Upon the hearing before the judge of the Superior Court, jury trial was waived and it was agreed that the court should hear the case on the referee's report and the evidence taken before him.
The court below made certain findings of fact and declared certain conclusions of law, resulting in a judgment in favor of the defendant, that plaintiffs recover nothing by their actions. The plaintiffs, having noted numerous exceptions to the court's findings of fact and conclusions of law, appealed to this Court. While the record is voluminous, only two material questions are presented by this appeal.
1. Is the plaintiffs' cause of action for usury barred by the statute of limitations?
2. Are the plaintiffs prevented from pleading usury by reason of the execution of a new note for the balance due on previous transactions involving usury?
The parties having waived jury trial and consented that the court should find the facts, his findings, if supported by evidence, are conclusive.Odum v. Palmer, 209 N.C. 93; Buchanan v. Clark, 164 N.C. 56.
I. It is not controverted that the transactions between the parties consisted of lendings and borrowings in which usury was charged and paid, and it is admitted that all these transactions took place more than two years before the institution of these actions. *Page 696
The plaintiffs contend, however, that prior to and during the period of these entire transactions the defendant C. L. Lindsay was a nonresident of the State, and that under C. S., 411, the statute of limitations would not run in his favor.
The pertinent portions of this statute are as follows:
"If, when the cause of action accrues . . . against a person, he is out of the State, action may be commenced within the times herein limited, after the return of the person into this State; and if, after such cause of action accrues . . . such person departs from and resides out of this State, or remains continuously absent therefrom for one year or more, the time of his absence shall not be a part of the time limited for the commencement of the action."

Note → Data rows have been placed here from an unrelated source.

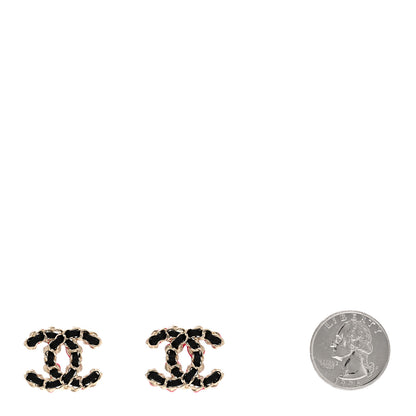 Chanel Lambskin CC Chain Earrings Black Gold Pink 2 of 5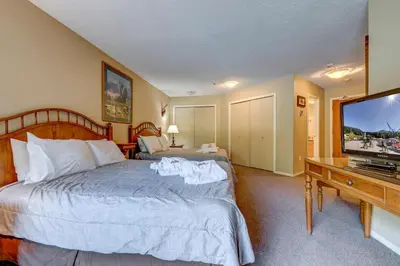 a bedroom with a bed and a flat screen tv at Greystone Lodge 332 Ski-in Out in Whistler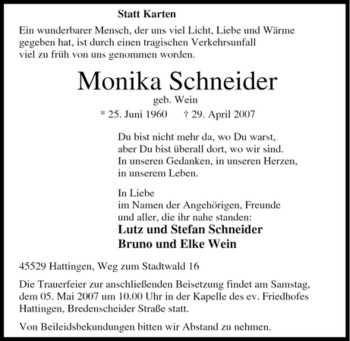 Traueranzeige von Monika Schneider von Tageszeitung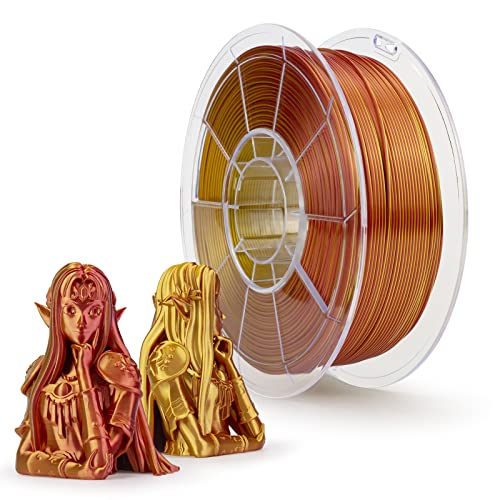 ZIRO PLA Filament Zweifach Farbe Coextrusion Silk 3D Drucker Filament 1.75mm für 3D-Drucker & 3D-Stift, Mehrfarbiges PLA Regenbogen Filament, 1kg(2.2lbs), Rot & Gold Farbe von ZIRO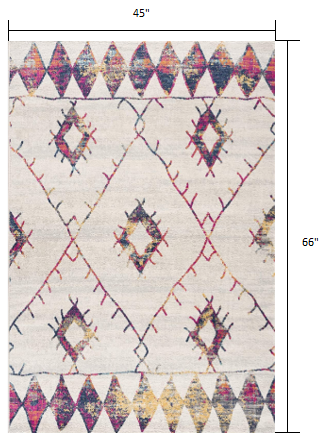 5' X 8' Cream Damask Area Rug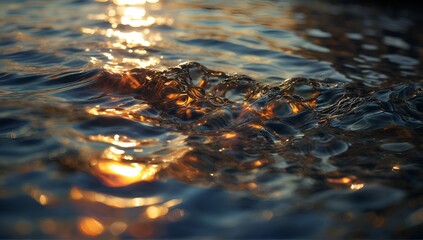 waves on the surface of the lake at sunset.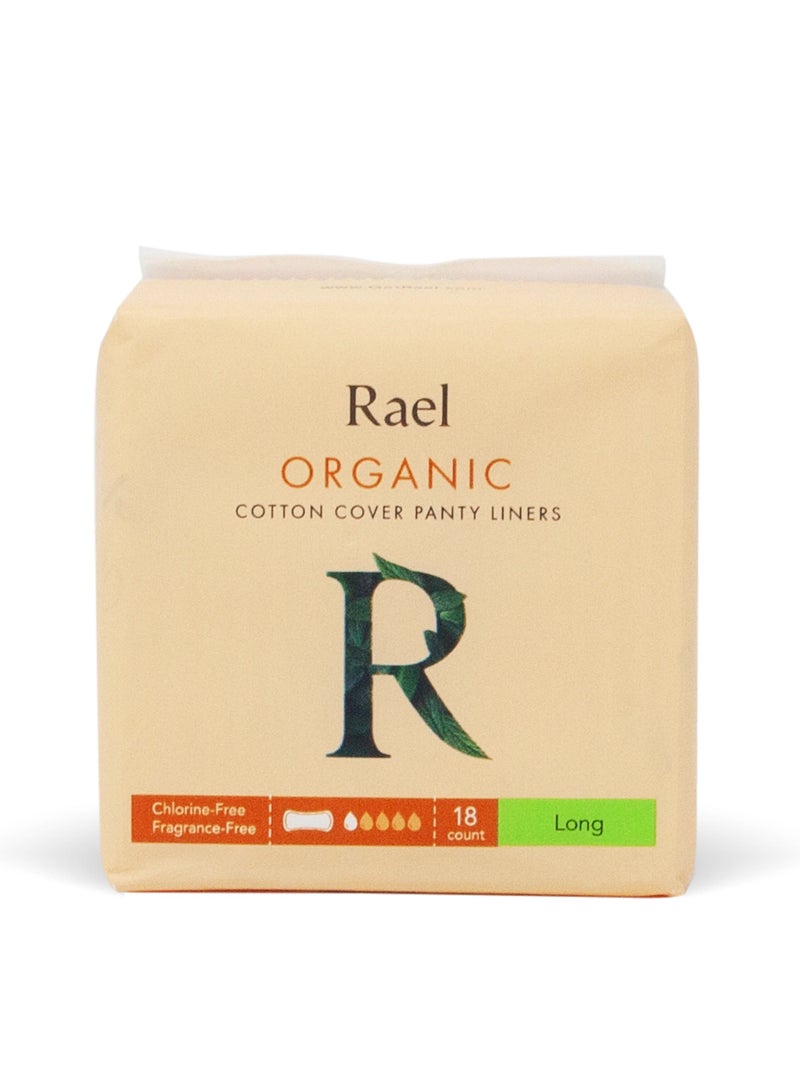 Rael Korean Organic Cotton Long Panty Liners Pack of 18 Soft Breathable Daily Liners for Women Natural Comfort Eco Friendly Hygiene Gentle Pads for Freshness and Protection - Image 1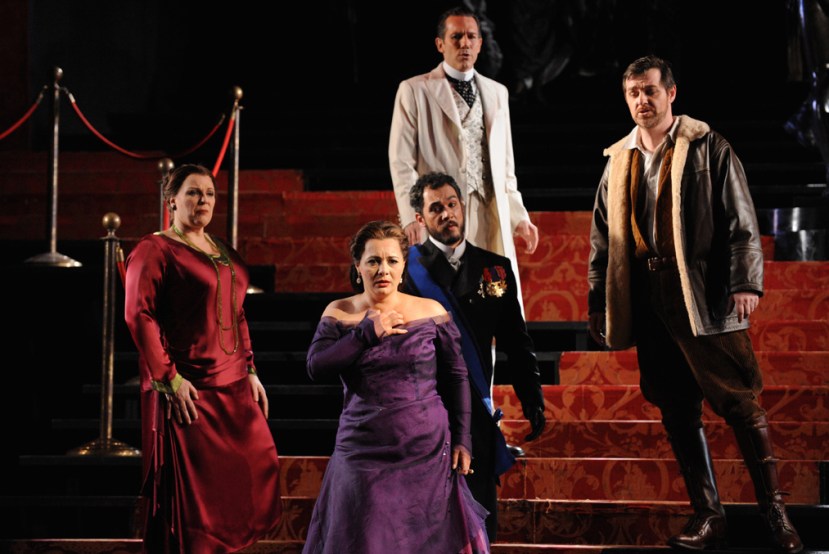 Opera Australia_Otello_2014_Jacqueline Dark, Lianna Haroutounian, Pelham Andrews, David Corcoran, James Egglestone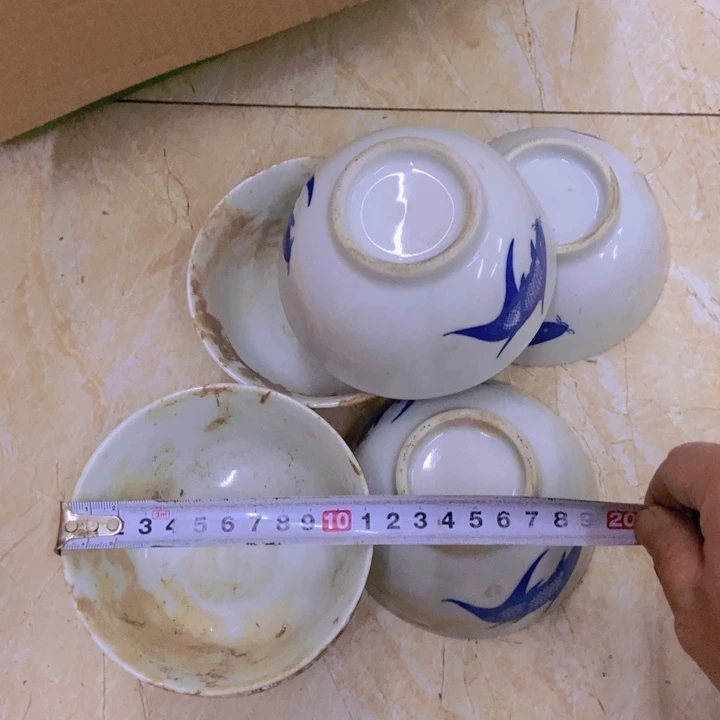 陶6个11厘米多青花鱼碗景德镇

This statute has been construed by this Court, in Armfield v. Moore,97 N.C. 34, and Lee v. McKoy, 118 N.C. 518, to mean that where the debtor is a nonresident at the time the cause of action accrues, the statute does not begin to run in his favor until he shall return to the State for the purpose of residence, not simply on a visit.
"While he is a nonresident, and from the time he becomes such, the statute is ipso facto suspended. . . . Nor would occasional visits to the State put the statute in motion." Lee v. McKoy, supra.
In the case at bar the defendant alleged in his answer "that he is now and has been for about 12 years a resident of the District of Columbia," and there was a finding by the referee, approved by the judge, "that the defendant C. L. Lindsay has his legal residence in Washington, D.C., and since 1927 has spent seven to nine months of each year there, and from three to five months of each year in the State of North Carolina."
Being a nonresident of the State, he may not be permitted to invoke the protection of the statute of limitations, even though he may spend some time each year in the State.
Nor could this rule be affected by the fact that he owned property in North Carolina (Grist v. Williams, 111 N.C. 53), or had an agent in this State (Williams v. Building Loan Assn., 131 N.C. 267; Green v. Ins.Co., 139 N.C. 309); Volivar v. Cedar Works, 152 N.C. 34.
II. The defendant contends that by a settlement of previous transactions and the execution of a new note at the legal rate of interest the plaintiffs are estopped now to set up claim of usury.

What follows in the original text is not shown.